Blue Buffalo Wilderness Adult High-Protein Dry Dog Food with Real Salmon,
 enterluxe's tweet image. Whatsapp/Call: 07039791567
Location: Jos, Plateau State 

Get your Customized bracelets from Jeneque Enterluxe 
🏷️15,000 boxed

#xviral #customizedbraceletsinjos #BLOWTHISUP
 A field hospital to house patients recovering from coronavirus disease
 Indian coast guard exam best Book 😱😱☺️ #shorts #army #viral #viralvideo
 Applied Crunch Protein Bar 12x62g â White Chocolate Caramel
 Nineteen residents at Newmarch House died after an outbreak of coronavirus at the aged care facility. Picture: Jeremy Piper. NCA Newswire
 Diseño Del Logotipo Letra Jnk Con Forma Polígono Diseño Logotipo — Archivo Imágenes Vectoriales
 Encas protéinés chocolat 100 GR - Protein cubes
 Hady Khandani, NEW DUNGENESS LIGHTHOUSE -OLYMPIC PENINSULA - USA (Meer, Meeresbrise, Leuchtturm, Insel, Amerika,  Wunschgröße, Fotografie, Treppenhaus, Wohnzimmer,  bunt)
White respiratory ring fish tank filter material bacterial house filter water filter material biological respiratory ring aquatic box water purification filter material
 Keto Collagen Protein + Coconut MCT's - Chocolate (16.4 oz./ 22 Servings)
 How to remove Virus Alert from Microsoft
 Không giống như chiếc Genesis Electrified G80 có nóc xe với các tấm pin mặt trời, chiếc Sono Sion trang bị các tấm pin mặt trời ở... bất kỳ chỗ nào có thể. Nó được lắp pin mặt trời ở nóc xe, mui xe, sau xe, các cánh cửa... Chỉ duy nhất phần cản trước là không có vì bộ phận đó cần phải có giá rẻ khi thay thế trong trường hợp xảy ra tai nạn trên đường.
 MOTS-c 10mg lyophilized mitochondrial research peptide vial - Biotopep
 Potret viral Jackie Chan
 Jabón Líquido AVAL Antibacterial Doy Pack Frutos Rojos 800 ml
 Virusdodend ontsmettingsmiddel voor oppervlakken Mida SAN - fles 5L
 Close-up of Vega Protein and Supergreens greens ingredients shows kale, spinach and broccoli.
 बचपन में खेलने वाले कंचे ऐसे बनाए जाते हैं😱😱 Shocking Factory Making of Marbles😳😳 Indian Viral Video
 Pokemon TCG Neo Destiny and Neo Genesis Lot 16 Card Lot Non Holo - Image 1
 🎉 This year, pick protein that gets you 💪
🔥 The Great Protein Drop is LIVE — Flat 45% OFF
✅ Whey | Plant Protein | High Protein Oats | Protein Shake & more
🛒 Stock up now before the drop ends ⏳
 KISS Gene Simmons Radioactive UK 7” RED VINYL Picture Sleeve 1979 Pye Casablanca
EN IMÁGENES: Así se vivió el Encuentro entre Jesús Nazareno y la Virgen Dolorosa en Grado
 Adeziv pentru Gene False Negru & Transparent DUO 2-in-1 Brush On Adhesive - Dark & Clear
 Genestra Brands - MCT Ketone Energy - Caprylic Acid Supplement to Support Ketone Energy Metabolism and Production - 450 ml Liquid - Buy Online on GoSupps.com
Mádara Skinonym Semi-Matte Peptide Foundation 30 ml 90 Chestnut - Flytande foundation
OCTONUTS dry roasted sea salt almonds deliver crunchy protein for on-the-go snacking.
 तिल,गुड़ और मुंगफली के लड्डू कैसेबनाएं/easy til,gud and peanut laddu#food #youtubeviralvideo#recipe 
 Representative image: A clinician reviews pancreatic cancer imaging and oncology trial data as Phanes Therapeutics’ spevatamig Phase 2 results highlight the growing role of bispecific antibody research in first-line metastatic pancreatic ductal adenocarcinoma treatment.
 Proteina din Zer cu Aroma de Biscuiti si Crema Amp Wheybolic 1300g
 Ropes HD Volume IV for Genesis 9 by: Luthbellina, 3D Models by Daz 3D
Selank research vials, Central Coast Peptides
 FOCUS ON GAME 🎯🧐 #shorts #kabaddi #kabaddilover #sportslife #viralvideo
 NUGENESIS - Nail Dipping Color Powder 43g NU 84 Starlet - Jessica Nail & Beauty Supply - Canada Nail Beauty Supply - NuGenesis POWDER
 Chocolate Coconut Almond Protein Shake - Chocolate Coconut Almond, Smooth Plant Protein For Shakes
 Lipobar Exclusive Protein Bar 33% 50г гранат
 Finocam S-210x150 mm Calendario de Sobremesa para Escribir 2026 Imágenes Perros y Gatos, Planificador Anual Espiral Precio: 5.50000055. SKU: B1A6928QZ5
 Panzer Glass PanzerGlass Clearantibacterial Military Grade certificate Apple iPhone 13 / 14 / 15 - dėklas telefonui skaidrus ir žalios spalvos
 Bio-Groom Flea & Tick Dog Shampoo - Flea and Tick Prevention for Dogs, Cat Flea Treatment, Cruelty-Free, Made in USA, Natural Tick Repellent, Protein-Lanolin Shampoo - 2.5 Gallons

..............................

Nothing but the lines above from the one containing "KISS Gene Simmons" through the one containing "Adeziv pentru Gene" should appear in the answer, each repeated exactly.

Reply:
 KISS Gene Simmons Radioactive UK 7” RED VINYL Picture Sleeve 1979 Pye Casablanca
EN IMÁGENES: Así se vivió el Encuentro entre Jesús Nazareno y la Virgen Dolorosa en Grado
 Adeziv pentru Gene False Negru & Transparent DUO 2-in-1 Brush On Adhesive - Dark & Clear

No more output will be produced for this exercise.